I first encountered Stephanie Burt when I was doing my MFA in poetry and she visited to read from her work; some years later, I got to publish her at the Boston Globe Ideas section. Currently, Burt is Donald and Katherine Loker Professor of English at Harvard University, where she is known for, among other things, teaching a hugely popular course on Taylor Swift. (“If you don’t appreciate this body of songwriting and of performance, that’s not my problem,” she told the New York Times.) Her books of poetry and criticism include, most recently, “Taylor’s Version: The Musical and Poetic Genius of Taylor Swift”; “Super Gay Poems: LGBTQ+ Poetry After Stonewall”; and “We Are Mermaids: Poems.” I’ll let her introduce her own poem, below.

About “The Nancy Mace”

By Stephanie Burt

Things I can tell you: Practical anger and political humor often seem worlds apart; I like it when they come together. I also like it when left and center-left types can work together, recognizing that we need both an outside game and an inside game to defeat team tyranny and retrain or render harmless the dragons of oppression. Politics isn't sports, and isn't Dungeons and Dragons (or any of the less well-known indie tabletop role playing games that I frankly prefer). But those three things are alike in certain limited ways, and we can benefit from those analogies.

The poem comes from the inherent pun in the name of South Carolina U.S. Rep. Nancy Mace, who takes wild swings that hurt people, especially trans people; from her outspoken opposition to trans people existing in public in any way; and from the contretemps around her successful attempt to ban trans women, including Delaware Rep. Sarah McBride, from using the ladies' rooms at the U.S. Capitol.
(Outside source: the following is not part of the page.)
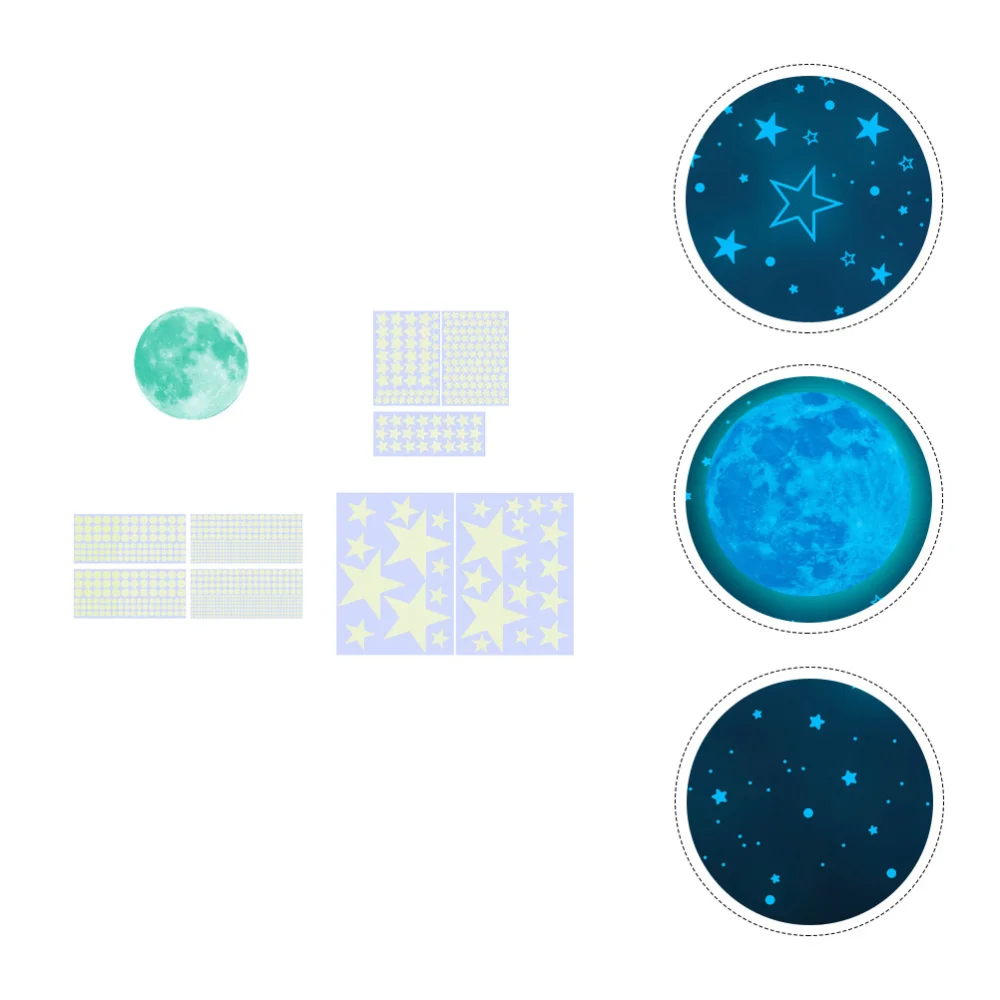 

1 Set Luminous Star Moon Wall Decals Removable Wall Sticker for Home (Blue)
Stephanie Burt (Jessica Bennett)

McBride herself has tried to act as a model of center-left decorum, compromise-making and bridge-building, raising predictable ire among my friends and allies who work, and write, on behalf of trans people (and who are not elected officials). My own temperament, as a granddaughter of the New Deal and a child of Washington, D.C., lies with the inside game ("politics is about the improvement of people's lives," as Paul Wellstone said, and makes strange bedfellows, as Wellstone did not say). I’ve even written an elegy for Walter Mondale, which you can read if you like. Of course, the inside game never works unless there's an outraged, uncompromising, committed outside game. I too feel outrage at the way the current administration has been trying to make me disappear, and to kill my friends. (That's not an overstatement: denying trans teenagers gender-appropriate care, in particular, really will leave some of them dead.)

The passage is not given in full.